Figure M1 Radial concentration profile of copiotroph carbon at the end of the simulation for each plant perirhizal zone. r (mm) corresponds to the distance to the root surface. The colour gives the ratio of active-to-total oligotroph biomass. Each column corresponds to a specific weather scenario and each row corresponds to a specific kinetic parameterisation. We have a different y-axis for each row.

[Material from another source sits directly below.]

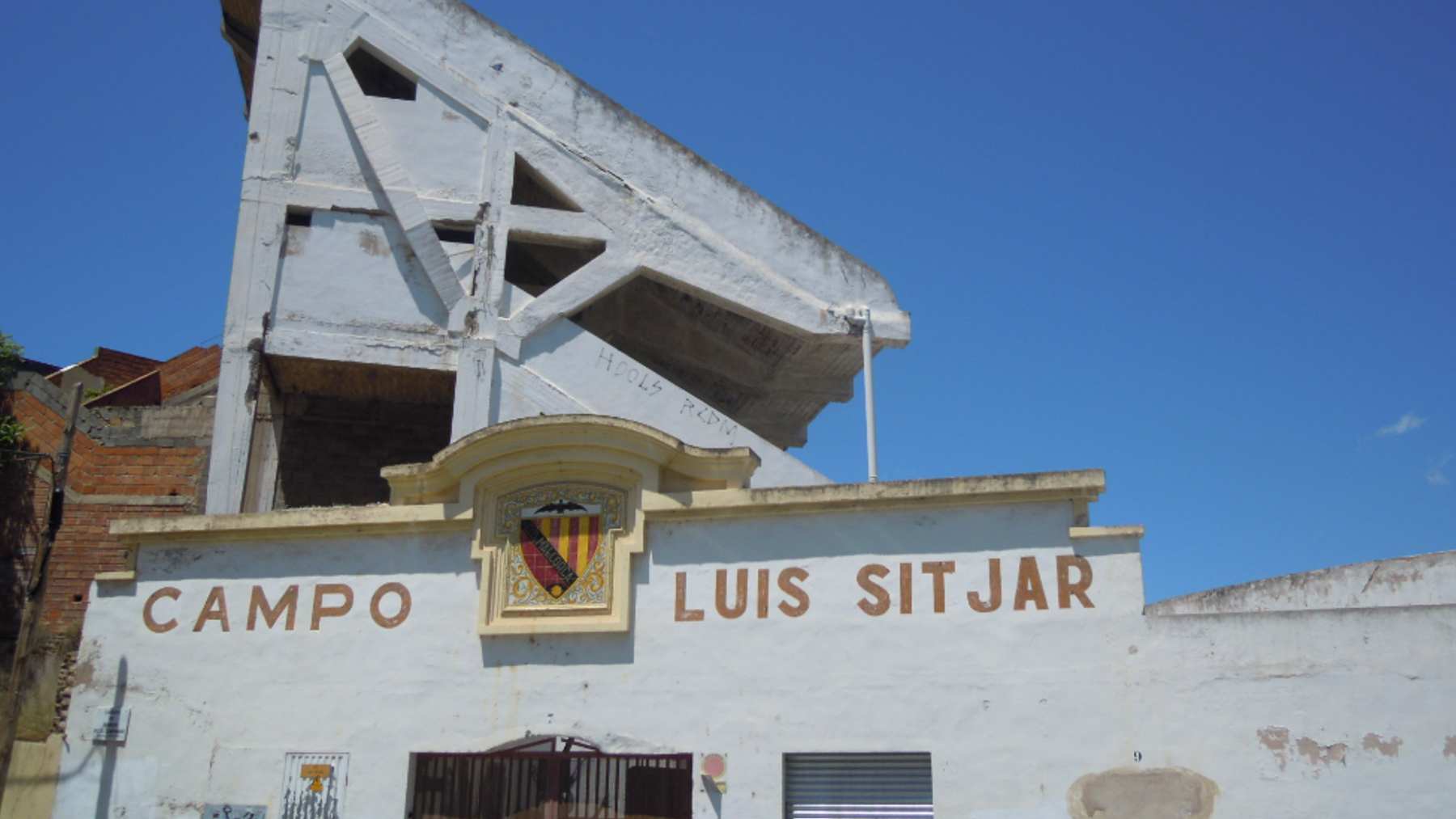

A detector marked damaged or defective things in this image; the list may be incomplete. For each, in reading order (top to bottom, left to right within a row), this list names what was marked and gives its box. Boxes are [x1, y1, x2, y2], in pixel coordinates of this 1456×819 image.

M1 Effects of drought in the bulk soil

To better understand the effect of drought on the perirhizal zone, Fig. M2 presents the relative change of carbon allocation caused by the droughts in the bulk soil. To represent the bulk soil, we selected the soil voxels at the bottom of the simulated soil column, which were separated by the nearest root by over 13 cm. We can observe that the relative changes in carbon allocation was much more limited than within the perirhizal zone, and less affected by the day-night cycle. The lower soil water content allowed for a higher concentration of soil solute, which led to a higher activation of the soil microbes (Fig. M2a). However, the lower soil water potential also slowed the microbial activity, leading to a lower uptake of resources (Fig. M2d), CO₂ emissions (Fig. M2c), and microbial growth (Fig. M2b). At this distance from the roots, the microbes are not affected by the changes in plant C releases, which lowers the differences between the earlyDry and lateDry scenarios.

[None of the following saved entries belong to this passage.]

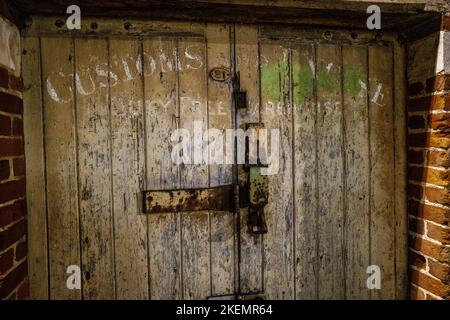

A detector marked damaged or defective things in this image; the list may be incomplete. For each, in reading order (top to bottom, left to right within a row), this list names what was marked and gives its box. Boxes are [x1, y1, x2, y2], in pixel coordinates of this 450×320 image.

rusty horizontal metal bar [142, 184, 234, 214]
rusted hinge [142, 184, 234, 214] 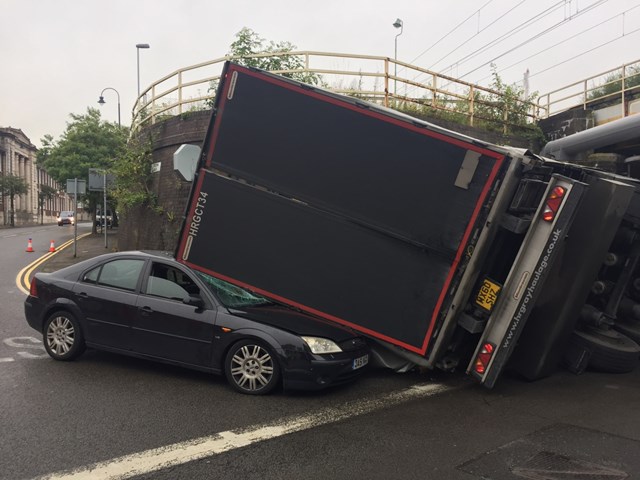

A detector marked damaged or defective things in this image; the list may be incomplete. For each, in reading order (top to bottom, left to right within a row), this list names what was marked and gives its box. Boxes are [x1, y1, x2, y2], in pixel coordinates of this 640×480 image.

damaged windshield [195, 270, 270, 308]
overturned truck [174, 62, 640, 386]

Figure M2 Relative change of carbon allocation in response to drought scenarios according to the kinetic parameters in the bulk soil. The panels present the difference of C between each drought treatment and the baseline in relation to the baseline C usage for (a) microbes-C, (b) activated microbes-C, (c) CO₂ emitted by microbes, (d) soil solutes-C. The line types represent the different kinetic parameterisation. The dotted lines show the beginning and end of the early (day 11 to 18) and late (day 18 to 25) dry spells. Please note that the scales of the y-axis differ in each subplot.